And maybe, said Vokey, it's simply time to turn him loose.

"Have they got a pound of flesh out of him already? I would say yes."

"He's being treated differently than any other teenager in the United States or Canada."

In a stunning blow for President George W. Bush, the U.S. high court ruled Thursday he over-stepped his authority in ordering the military trials for detainees in the war on terror.

And while Bush said he'll now ask Congress to approve the tribunals, legal experts said they'd have to be completely revised to comply with the rule of law and the Geneva Conventions.

"They're going to have to start from scratch," said Vokey, or follow the U.S. military courts-martial system, an option Bush doesn't seem to favour.

"I would still have complaints about the treatment of Omar but if you followed the rules that are already there, you wouldn't hear me complain as loud," he said.

"It would truly be a lot closer to a full and fair hearing that they've been advertising.
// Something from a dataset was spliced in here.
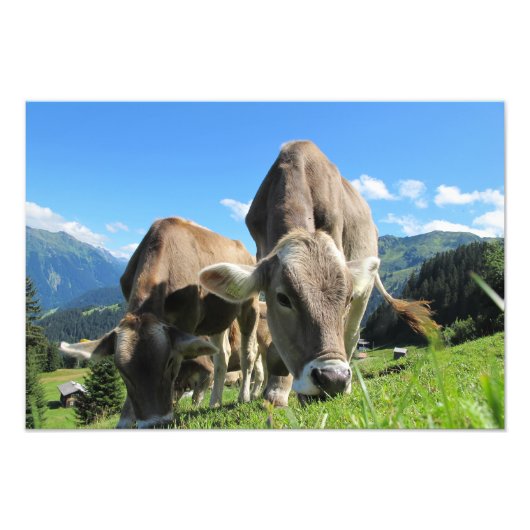 Kühe in Österreich Fotodruck (Vorne)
They can't avoid the law any longer, that's really what the Supreme Court is saying."

Muneer Ahmad, a civilian U.S. lawyer who's on Khadr's legal team, said he's "thrilled" with the decision, adding the teen should go home "whether Canada chooses to try him or not."

Canadian officials have been mostly silent about the case and have said nothing publicy about the widely condemned prison camp.

"I hope Canada finally says enough is enough," said Ahmad.

"If Canada waits for the U.S. to come up with another system that will pass muster, who knows how old Omar will be by the time he gets to trial?" asked Ahmad, who has accused the military of torturing his client.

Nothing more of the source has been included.